Tirols VP-Chef Mattle: "Der Staat wird nicht alles abfedern können"
Am vergangenen Samstag wurde Anton Mattle als Nachfolger von Tirols Landeshauptmann Günther Platter mit 98,9 Prozent zum neuen Obmann der Tiroler Volkspartei gekürt. Am 25. September muss er Landtagswahlen schlagen und steckt sich das Ziel mit dem Überspringen der 30-Prozentmarke niedrig. 2018 erhielt die VP 44,3 Prozent.
Der Wahlkampf wird überschattet von Teuerung und Energiekrise. Für Mattle steht fest: "Der Staat wird nicht alles abfedern können". Von einem Strompreisdeckel hält er wenig. Ein Gespräch darüber und seine Ideen für die Lösung von Tiroler Dauerproblemen.

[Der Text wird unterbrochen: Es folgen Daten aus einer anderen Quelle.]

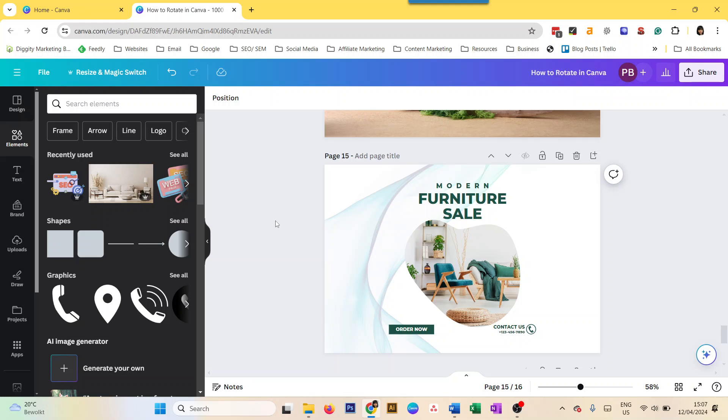Hey everyone, we're going to do a video today on how to rotate in Canva. I'm going to cover a lot of different things: how you can rotate a page in Canva, an image, an element, how you can rotate images within a frame, how you can rotate and flip individual elements, etc. So let's dive into it.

KURIER: Sie haben vor einigen Wochen zum Energiesparen gemeint: „Früher hat zum Winter auch ein Pullover gehört.“ Wie warm müssen sich die Österreicher angesichts dessen, was droht, anziehen?
Anton Mattle: Obwohl mir die Gasversorgung und die Preise ganz große Sorgen bereiten, bleibe ich ein realistischer Optimist. Von den 120.000 Haushalten in Tirol, die mit fossilen Brennstoffen beheizt werden, sind 100.000 mit Öl beheizt. Für die wird es mit Sicherheit warm sein. Und beim Gasnetz hängen Tirol und Vorarlberg am deutschen Gasnetz. Ich glaube, dass wir den Speicher in Haidach füllen können, sodass Industrie und Haushalte ausreichend Wärme haben.
Aber mit Blick auf die Wirtschaft ist Tirol keine Insel. Wie schwierig wird der Winter?
Es wird durchaus ein herausfordernder Winter. Wir müssen darauf schauen, dass wir jene Teile der Bevölkerung mit geringem Einkommen entlasten. Und jenen Teil der Bevölkerung, dem es gut geht, den bitte ich einfach um Solidarität. Alles wird der Staat nicht abfedern können. Aber wir schauen auf jene, die es dringend brauchen.
Ihre Parteifreundin Johanna Mikl-Leitner fordert bereits einen Strompreisdeckel. Eine vernünftige Variante?
Das Tolle ist, dass sie eine Diskussion angestoßen hat. Selber glaube ich, dass die Variante europäischer Gaseinkauf die wichtigere und bessere ist. Im Moment freuen sich die Gasverkäufer, wenn jeder europäische Nationalstaat bei denen aufkreuzt und jeder den Preis noch weiter hinauftreibt.
Deshalb ist für mich der gemeinsame Einkauf, um das Zocken der Verkäufer zu unterbinden, der wichtigere Weg. Und wenn, würde eher ein Gaspreisdeckel, als ein Strompreisdeckel greifen, weil ja der Strompreis mit dem Gaspreis direkt in Verbindung steht.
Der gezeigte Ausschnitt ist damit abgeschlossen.